Thursday, December 22, 2016

Breathe Analyzer

Horror/thriller movies often have short runs in the movie theater, winding up on video a short while later. That's how, even though it premiered less than four months ago, I was recently able to catch up on Don't Breathe at home.

Don't Breathe has a gimmicky premise. Three teens, on a series of burglaries, target a man they believe is keeping a large amount of cash in his home. He seems like an easy mark, too: he's a blind man living in the only occupied house on a rundown street. But when the teens break into his home, they're quickly in far deeper than they expected. Their "victim" is also a trained soldier harboring a dark secret. He locks the teens inside his house, and the would-be predators quickly become the prey.
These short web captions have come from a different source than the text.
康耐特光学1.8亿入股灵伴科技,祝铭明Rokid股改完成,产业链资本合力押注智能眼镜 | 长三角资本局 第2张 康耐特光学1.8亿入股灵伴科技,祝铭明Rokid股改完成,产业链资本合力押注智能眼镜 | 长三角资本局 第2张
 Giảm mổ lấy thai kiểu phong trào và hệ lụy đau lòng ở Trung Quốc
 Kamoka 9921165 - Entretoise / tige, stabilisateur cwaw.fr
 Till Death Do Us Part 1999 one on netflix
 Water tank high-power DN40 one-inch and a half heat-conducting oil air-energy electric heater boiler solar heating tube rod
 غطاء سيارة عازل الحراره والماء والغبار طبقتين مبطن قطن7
The setup of this film is pretty fun, and is almost Hitchcockian. Not that I'm out to overpraise this movie too much, but Hitchcock's main characters were often of grey morality, and his plots unfolded as a consequence of one ignoble decision. Don't Breathe pits home-invading robbers against a psychopath. No one's a hero to be truly rooted for here, and The Blind Man (that's literally how the movie credits him) is made increasingly despicable as part of making you forgive the teens.
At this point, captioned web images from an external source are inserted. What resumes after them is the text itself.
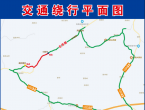 六安霍山县一地发布道路限行公告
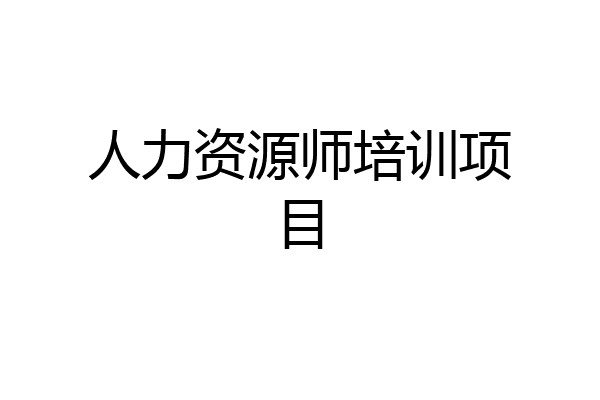 人力资源师培训项目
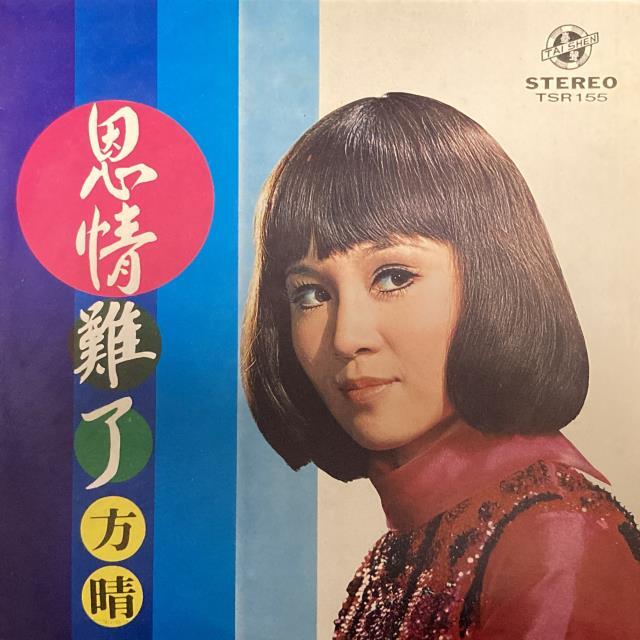 テレサ・テン　台湾盤　レコード 2/17(土)テレサ・テン&台湾・香港歌謡 廃盤レコードセール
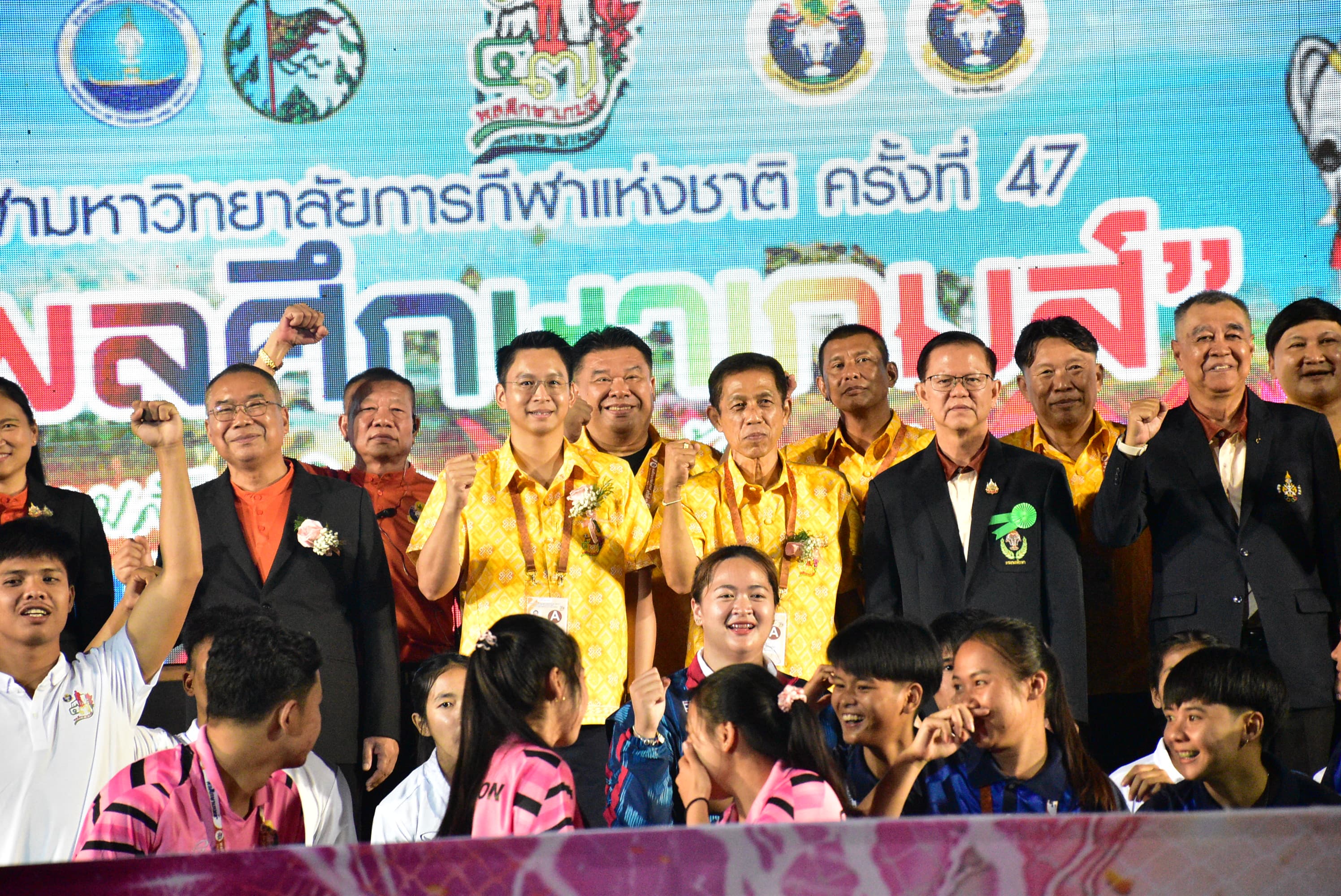 รูปภาพแกลเลอรี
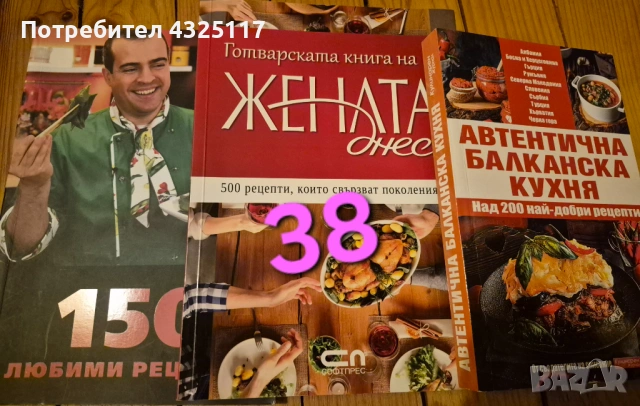 Продават се следните книги, снимка 6 - Художествена литература - 53433345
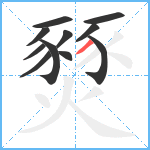 燹笔顺分解图片11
There's a pretty good amount of suspense in the first half of the film. You get a lot of clever setups from the "he can't see them" premise, and plausible counterplay that makes The Blind Man dangerous all the same. But the longer the movie goes (and at just 88 minutes, it's not like it's very long), the crazier measures it has to go to to keep the story going. When The Blind Man's big secret is revealed, it seems a bit silly (and certainly lacking the methodical thinking he's demonstrated to that point). Things generally start to slide downhill from there.
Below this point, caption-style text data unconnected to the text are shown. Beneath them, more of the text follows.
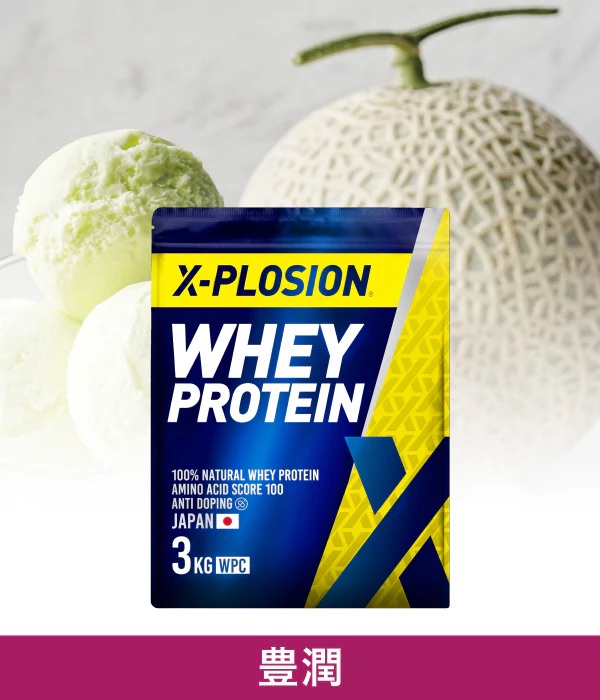 エクスプロージョン　プロテイン　メロン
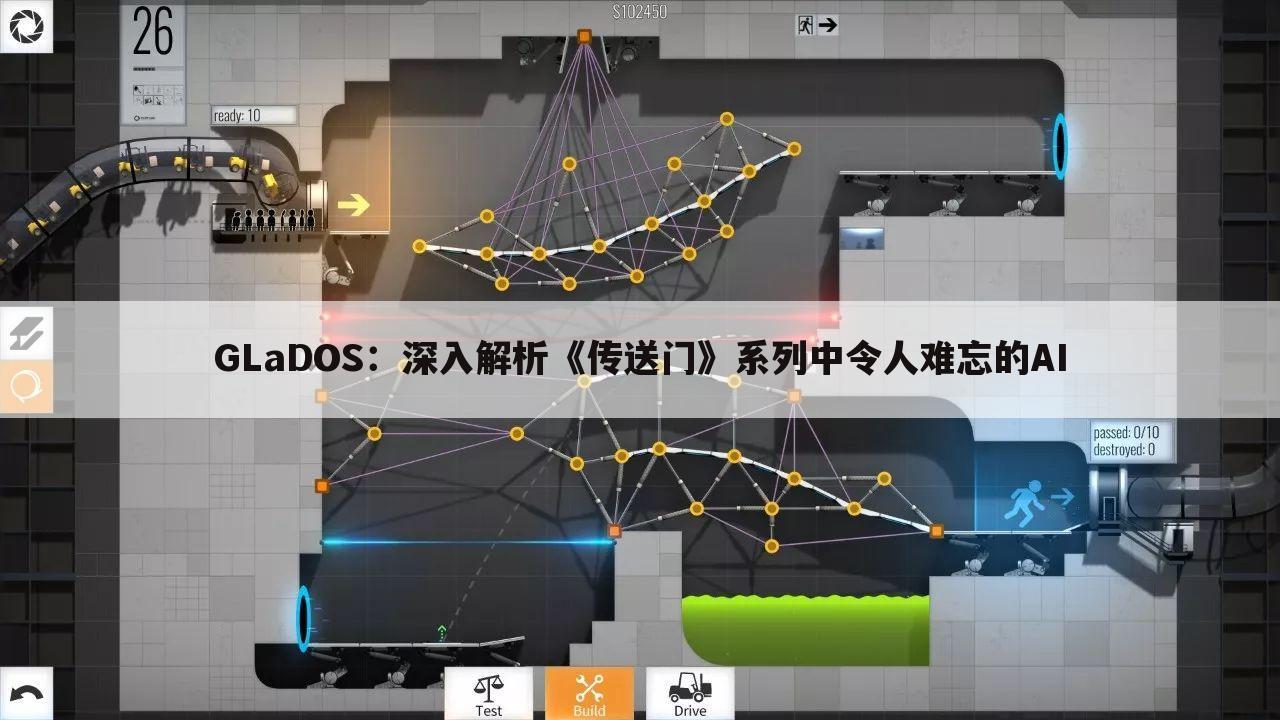 GLaDOS：深入解析《传送门》系列中令人难忘的AI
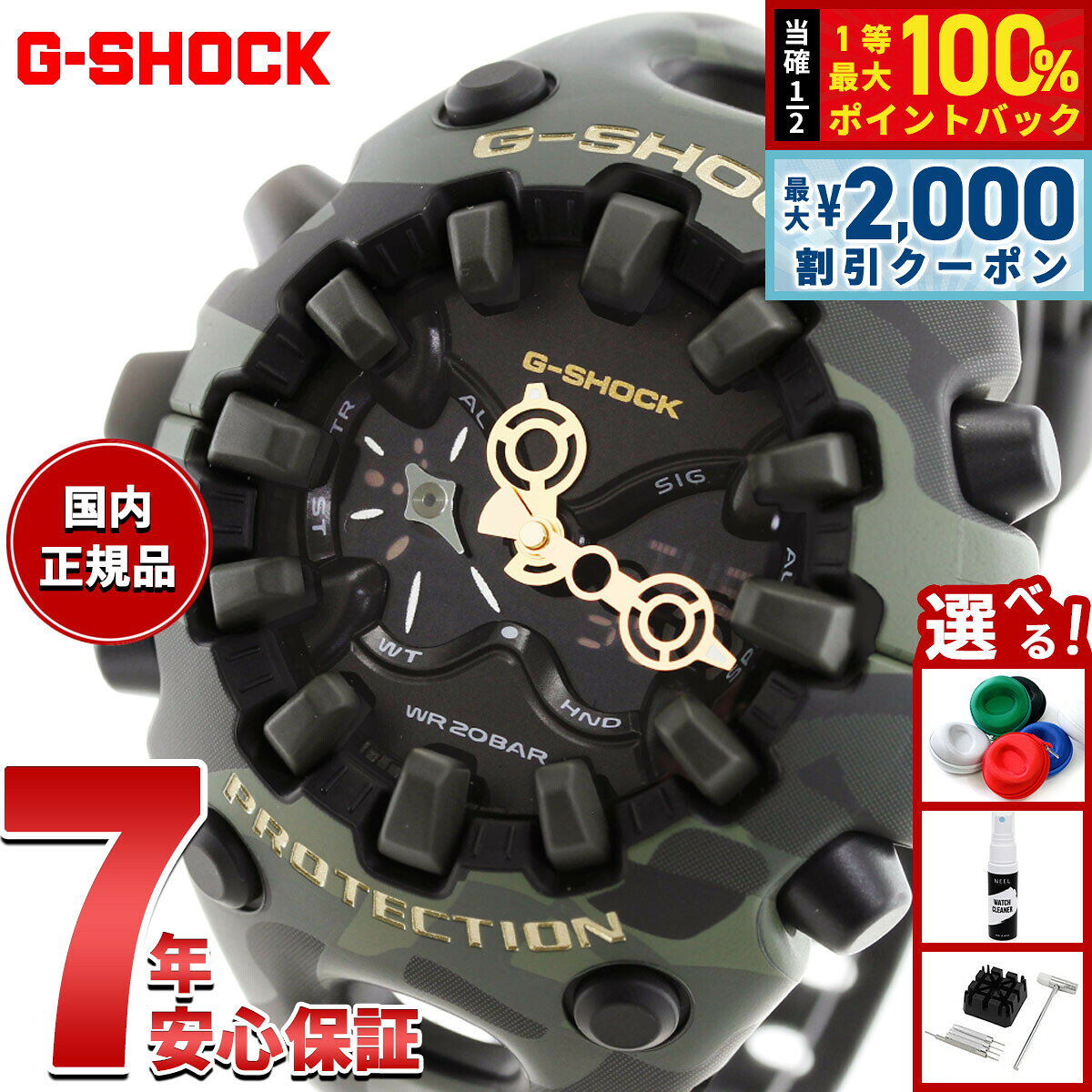【8/10限定！2000円OFFクーポン＆抽選で最大1万ポイントバック】【選べるノベルティー付き】G-SHOCK ジーショック カシオ Gショック CASIO アナデジ 限定モデル 腕時計 メンズ GA-V01CMG-3AJF TRANSPARENT PACK【2026 新作】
Part of the problem is that the movie gives away the ending it's building to. The opening scene is an eye-popping exterior shot that gradually zooms in to reveal a grisly visual. We then jump back to follow the story that leads to that moment. And while technically there is 5 or 10 minutes of movie left beyond this previewed moment, the opening shows enough that you can make big assumptions about the bulk of the story. I mean, it is a great opening shot, but it's ultimately so memorable that you never stop thinking about it as the movie unfolds. Ultimately, I think it does more harm than good.

The pros and cons here probably weigh out favorably, but only by a bit. I'd give Don't Breathe a B- overall. This is another one of those movies that's probably good to catch if you love the genre, but should definitely be skipped if horror is not your thing.